L'imbarazzo dell'on. Meloni nelle comunicazioni di ieri alle Camere in vista del Consiglio europeo chiamato a designare i nuovi vertici delle istituzioni europee era palpabile. Il compito non era facile dopo la comunicazione di popolari, socialisti e liberali di avere confermato l’accordo politico che ha retto in questi anni l’Europa e di avere raggiunto un'intesa sulle quattro posizioni di vertice, Consiglio, Commissione, Parlamento, Rappresentante della politica estera dell’Unione. Questo annuncio, del resto prevedibile una volta che l’esito del voto europeo, pur indicando un rafforzamento dei movimenti di destra, ha comprovato l’esistenza della maggioranza precedente, ha fatto emergere una divaricazione fra il ruolo di Giorgia Meloni come presidente del Consiglio e quello di leader di Fratelli d’Italia, membro dello schieramento di destra nel Parlamento Europeo. Si trattava infatti di scegliere fra due possibili posizioni: accettare l’accordo europeo, come è nell’interesse dell’Italia, riconoscendo di fatto l’irrilevanza politica della presidente del Consiglio; oppure protestare per la conferma dell’intesa fra popolari, socialisti e liberali e schierare l’Italia all’opposizione di questa intesa, consegnando sostanzialmente alla signora Le Pen la leadership dello schieramento conservatore europeo.

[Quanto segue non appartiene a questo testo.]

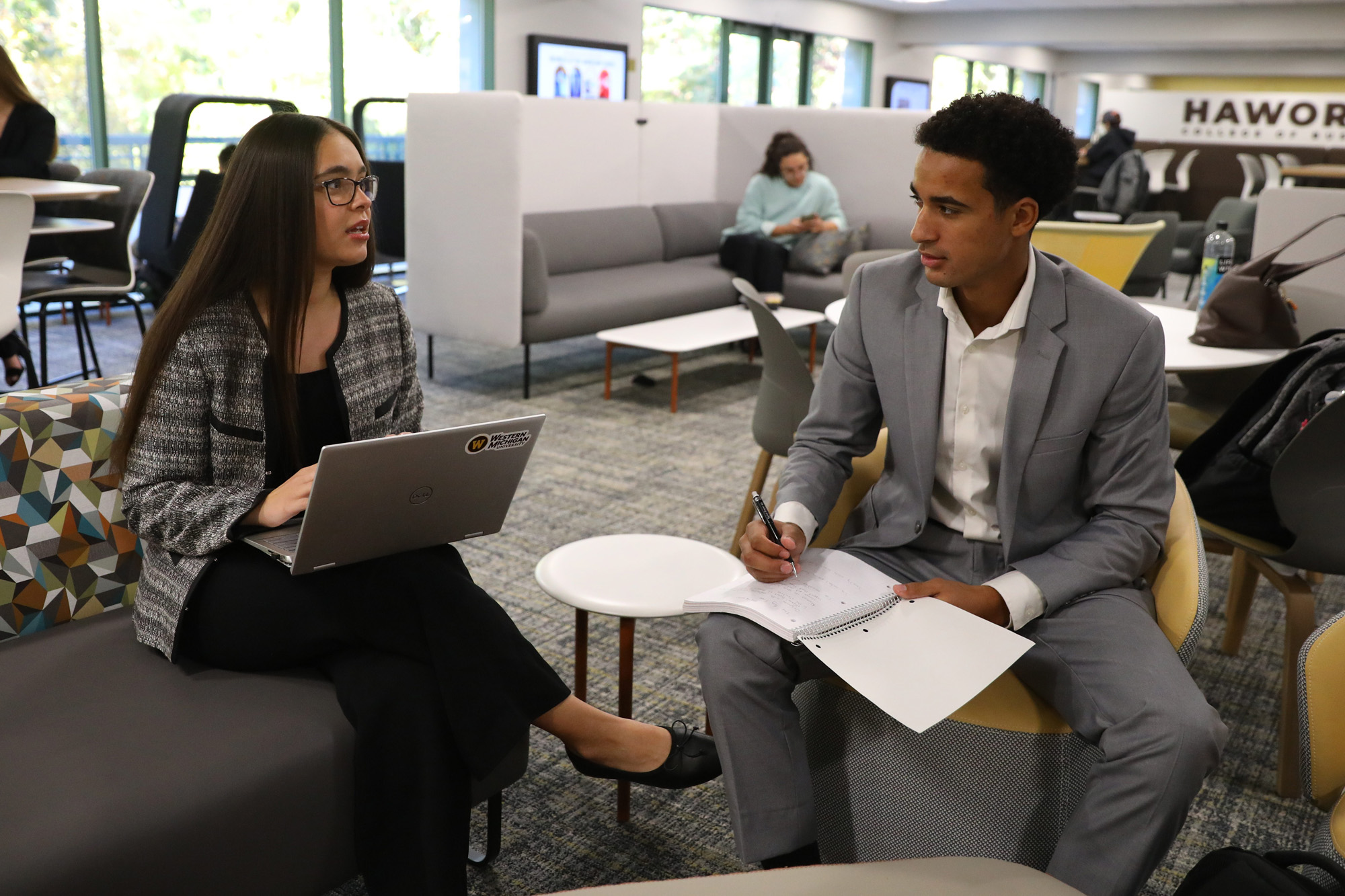 Two students seated in the Schneider Hall cafe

Il problema non era e non è di facile soluzione, perché le conseguenze di una presa di distanze dalle decisioni annunciate in Europa significa condannare alla marginalità l’Italia in Europa nei prossimi anni, vedere ridimensionate le speranze di avere una posizione commissariale di qualche peso e rischiare anche sgradevoli sorprese all’atto dell’esame parlamentare del commissario designato dal governo italiano. D’altra parte, essere acquiescenti alle scelte compiute da altri avrebbe comportato un ulteriore appannamento dell’immagine dell’on. Meloni già messo in evidenza dai risultati non certo trionfali delle elezioni europee per Fratelli d’Italia.
È chiaro che la presidente del Consiglio non ha ancora deciso e non sa che cosa fare. Il suo discorso inutilmente lungo di ieri lo conferma: il leit motif è che le elezioni hanno messo in luce l’insoddisfazione degli elettori europei che chiedevano un cambiamento, mentre la scelta della continuità contraddice questo sentimento e questa esigenza. Ma l’insistenza su questo tema, senza spiegare quali conseguenze l’Italia intenda trarne, ha reso talmente deludente il discorso che la maggioranza ha fatto fatica ad applaudirla.

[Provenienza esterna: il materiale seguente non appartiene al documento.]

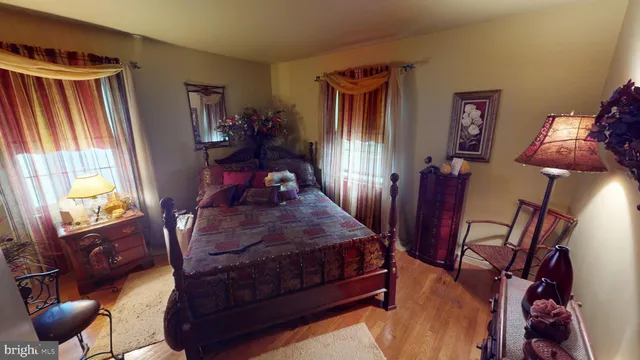 a bedroom with furniture and a lamp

Naturalmente l'on. Meloni non ha potuto esimersi del tutto dallo spiegare quale sarà la posizione italiana. Alla fine del suo intervento ha dovuto dire qualcosa su questo punto. Ma anche in questa parte ha prevalso l’ambiguità. Da una parte è sembrata voler sfidare la maggioranza quasi preannunciando un voto contrario o un’astensione, ma dall’altra si è astenuta dall’annunciare che cosa esattamente farà l’Italia stasera nel Consiglio Europeo e a Strasburgo, quando si tratterà di votare il mandato per la von der Leyen. La prudenza era dettata dal fatto che se l’Italia si schiera apertamente contro l’intesa tra popolari, socialisti e liberali e questa prevale, le conseguenze saranno pesantissime, ma se non lo fa, essa rischia di scolorire troppo la sua posizione politica.

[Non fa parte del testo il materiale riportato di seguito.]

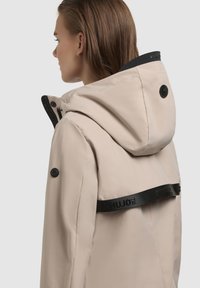 Veste imperméable beige clair avec capuche, présentant des accents noirs et une sangle de marque, texture lisse et détail boutonné sur la manche.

È evidente che oggi ci saranno vari esponenti dei popolari europei, a cominciare dall’on. Tajani, che consoleranno Meloni e le diranno che il suo voto a favore di Ursula von der Leyen, pur non segnando una formale svolta politica, sarebbe un riconoscimento del ruolo italiano. Si cercherà cioè di addolcire la pillola dell’irrilevanza. Ma i termini del problema sono chiari: se l'on. Meloni si allinea alla Le Pen, si caccia in un angolo. Se si inserisce nella maggioranza von der Leyen scopre il fianco destro. Può darsi che riesca a trovare una strada per nascondere i suoi dilemmi, ma per ora non ci sembra vi stia riuscendo.